Concernant le public, le football national est suivi par des centaines de milliers de spectateurs, les inévitables et incontournables fans certes, mais aussi la foule des « occasionnels » qui suivent leurs équipes (nationales ou locales) avec un sentiment de patriotisme assez haut. Les tifos organisés dans les stades, à l’occasion principalement des matchs où jouent le WAC et le RAJA, sont parmi les meilleurs au monde, rivalisant avec leurs correspondants européens des plus grandes équipes. Un chant a même été créé par le public casablancais, fort contestataire mais exportable et fort exporté aussi (fi bladi delmouni).
Quant aux moyens, ils sont importants, puisque le Maroc dispose d’une fédération qui engloutit chaque année près de 700 ou 800 millions de DH, plus pour les années de grandes compétitions continentales, ou mondiale. Les clubs les plus riches, ou les plus dotés, comme les deux rivaux de Casablanca, gravitent entre 100 et 150 millions de DH. Pas
grand-chose en comparaison à l’Europe certes, mais à l’échelle nationale, c’est considérable. Une économie du football se crée.
Sur le plan politique, force est de constater que l’actuel président de la Fédération fait le job. Certes suffisant et volontiers condescendant, Fouzi Lekjaâ a néanmoins réussi à être élu dans cette incontournable instance continentale qu’est la Confédération africaine de football qui, avec ses 54 Fédérations nationales, est considérée comme une faiseuse de rois à la FIFA. Les Marocains, à force de lobbying, ont ainsi fait élire l’ancien président de la CAF, le Malgache Ahmad Ahmad, puis son successeur, élu à Rabat, le Sud-Africain Patrice Motsepe, actionnaire de l’assureur Sanlam, actionnaire principal du Marocain Saham, et proche parent du chef de l’Etat africain, ce qui en termes d’influence diplomatique n’est pas rien… Fouzi Lekjaâ a même réussi le tour de force d’accéder au gouvernement tout en étant président de la Fédération, une chose supposée être une hérésie au regard de la FIFA. Mais la FIFA de Gianni Infantino n’a plus rien à refuser au bon M. Lekjaâ… sauf le Mondial ! En effet, si le Maroc fait autorité en Afrique, il n’en va pas de même à l’international où une demi-dizaine de candidatures pour l’organisation d’un Mondial ont toutes échoué
Enfin, sur l’organisation, le Maroc se défend bien aussi. Ainsi de la sécurité dans et hors des stades, généralement maîtrisée, sauf parfois des dérapages dus à des erreurs de gestion des flux ou à une excellente organisation des fans turbulents. Souvent, les images de courses-poursuite dans les villes relèvent plus d’une stratégie policière convenue que de débordements, qui ont lieu parfois : l’idée est de « disperser les foules et non encercler une troupe adversaire », déclare un haut responsable de la police nationale.

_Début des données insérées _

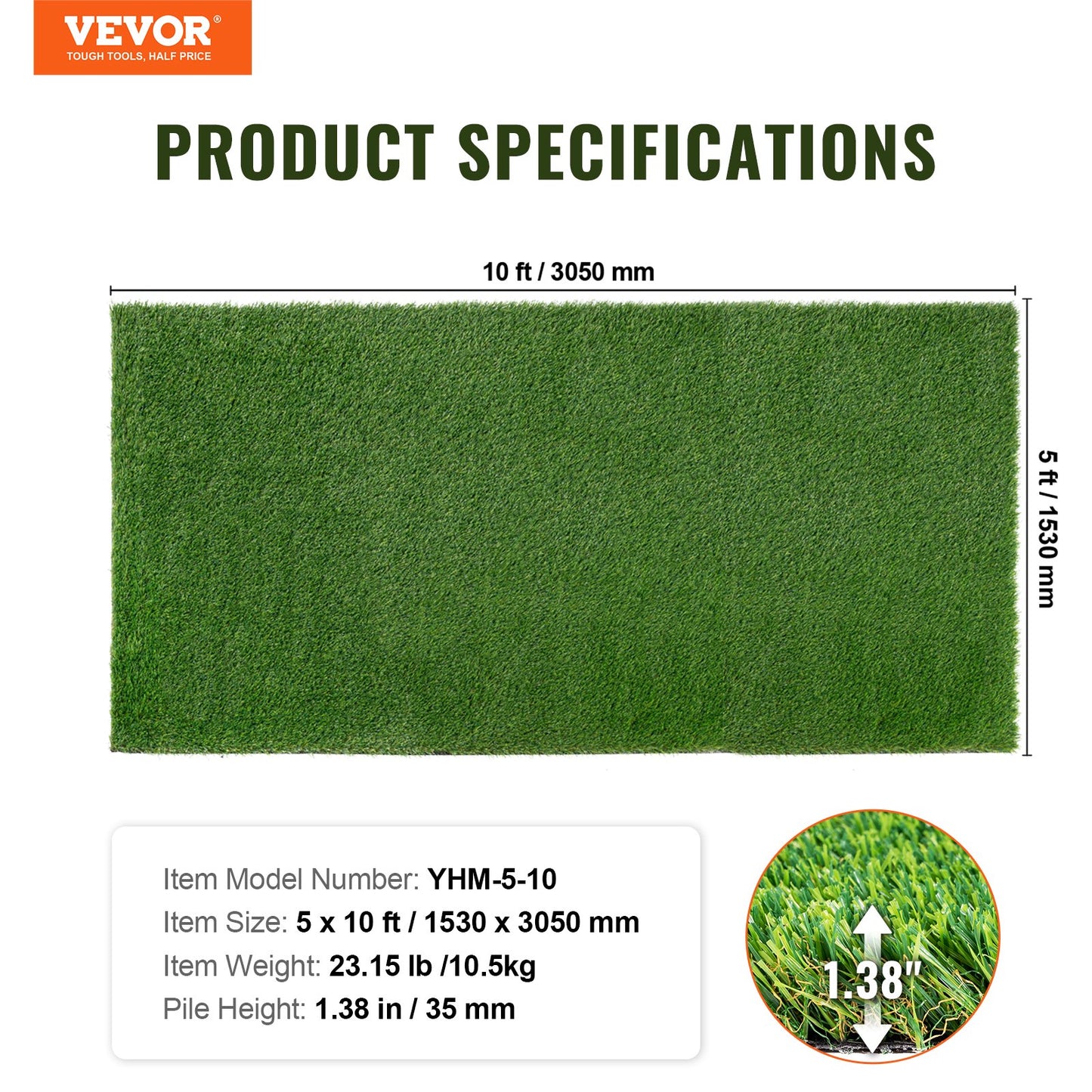 Artifical Grass, 5 x 10 ft Rug Green Turf, 1.38"Fake Door Mat Outdoor Patio Lawn Decoration, Easy to Clean with Drainage Holes, Perfect For Multi-Purpose Home Indoor Entryway Scraper Dog Mats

Le seul hiatus est ce qui ressemble à un manque de confiance des dirigeants marocains pour les nationaux du cru… Une équipe nationale composée en majorité de jeunes évoluant à l’étranger ne signifie pas que ces jeunes ne soient pas marocains, mais veut dire que les locaux ont moins de chances et d’opportunités de briller. Et en 60 ans, nous n’avons toujours pas été en capacité de former des sélectionneurs marocains dignes aux yeux des responsables de prendre en charge l’équipe nationale…
Puisque, de toutes les façons, le Maroc ne brille pas dans les Mondiaux, autant confier notre équipe à des nationaux et à des joueurs locaux. Mais la question fait polémique… ALors, le Maroc, grande nation du football ou non? Polémique.